Chamblee54

Eat Pray Love Chronicles Part Five

Posted in Uncategorized by chamblee54 on May 7, 2012










Bead 073 It is a boring friday afternoon. The knee is not any worse, and PG should be able to walk from the parking lot to the doctor’s office tuesday afternoon. The mental state is abysmal. Maybe it would make PG feel better to write something. There are a few chapters of the Bali part of Eat, Pray, Love that are ready for the PG treatment.
But first, there needs to be some background music to work by. It cannot have singing, because lyrics will interfere with the ability to create text. The folder called “discomixi” looks promising. There is a file created by the dj at a New York cha cha palace called the Saint. Even though it has people singing, it should be a dependable background sound, at least unti that break where the eighties disco remix of “Lay all your love on me”, by Saint Abba, kicks in. That break is two hours into this file, and if we work directly through to that song then it should be a productive afternoon.
In this bead, Miss Gilbert arrives in Bali. It turns out she has made no plans. There is no place to stay, and no one to hang out with. There is a vague invitation by a medicine man to come stay at his place, which does not impress the customs agent. She is granted a one month tourist visa.
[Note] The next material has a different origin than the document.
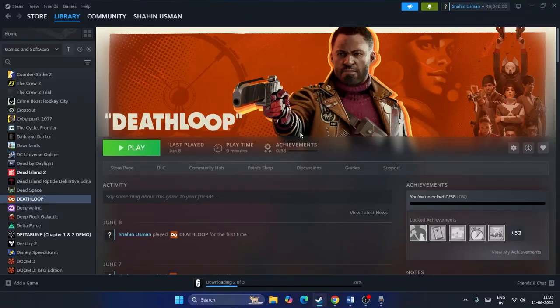Welcome back to another video. In this video I'm going to talk about how to fix Deathloop issues such as crashing, not launching, freezing, stuttering, lagging, low FPS, stuck on loading screen, and access violation errors. These are happening for many users right now, so let me get directly into the steps.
Bead 074 Miss Gilbert takes a taxi to Ubud. It is a small, culturally important town, and is not near the beaches. Miss Gilbert makes friends with Mario, who picked that for a nickname because he likes things that are Italian.
Mario’s “real” name is Nyoman. It seems like most people in Bali have one of four names. They are Wayan, Made, Nyoman, and Ketut. They refer to the birth order, and mean first child, second child, third child, and fourth child. Most people have a nickname. The healer who invited Miss Gilbert to stay with her is a Ketut. Mario knows him, and agrees to take Miss Gilbert to see him.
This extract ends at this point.